* [Goal of the exercise]
Every record must appear in the response exactly as given.

(Beginning of Record excerpts)

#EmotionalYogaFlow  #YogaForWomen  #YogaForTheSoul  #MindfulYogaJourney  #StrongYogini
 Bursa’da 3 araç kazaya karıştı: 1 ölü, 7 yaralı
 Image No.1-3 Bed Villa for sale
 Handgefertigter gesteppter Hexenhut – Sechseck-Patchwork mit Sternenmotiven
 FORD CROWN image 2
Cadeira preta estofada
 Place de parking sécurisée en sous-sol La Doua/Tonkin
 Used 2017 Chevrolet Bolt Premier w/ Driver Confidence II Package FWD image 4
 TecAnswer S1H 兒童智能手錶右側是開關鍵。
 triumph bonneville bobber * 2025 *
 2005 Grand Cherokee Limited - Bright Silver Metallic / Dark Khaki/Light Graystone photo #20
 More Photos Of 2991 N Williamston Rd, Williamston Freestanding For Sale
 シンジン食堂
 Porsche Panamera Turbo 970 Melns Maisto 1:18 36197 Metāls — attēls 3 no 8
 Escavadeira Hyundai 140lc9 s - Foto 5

(End of Record excerpts)

* [Answer to the exercise]
#EmotionalYogaFlow  #YogaForWomen  #YogaForTheSoul  #MindfulYogaJourney  #StrongYogini
 Bursa’da 3 araç kazaya karıştı: 1 ölü, 7 yaralı
 Image No.1-3 Bed Villa for sale
 Handgefertigter gesteppter Hexenhut – Sechseck-Patchwork mit Sternenmotiven
 FORD CROWN image 2
Cadeira preta estofada
 Place de parking sécurisée en sous-sol La Doua/Tonkin
 Used 2017 Chevrolet Bolt Premier w/ Driver Confidence II Package FWD image 4
 TecAnswer S1H 兒童智能手錶右側是開關鍵。
 triumph bonneville bobber * 2025 *
 2005 Grand Cherokee Limited - Bright Silver Metallic / Dark Khaki/Light Graystone photo #20
 More Photos Of 2991 N Williamston Rd, Williamston Freestanding For Sale
 シンジン食堂
 Porsche Panamera Turbo 970 Melns Maisto 1:18 36197 Metāls — attēls 3 no 8
 Escavadeira Hyundai 140lc9 s - Foto 5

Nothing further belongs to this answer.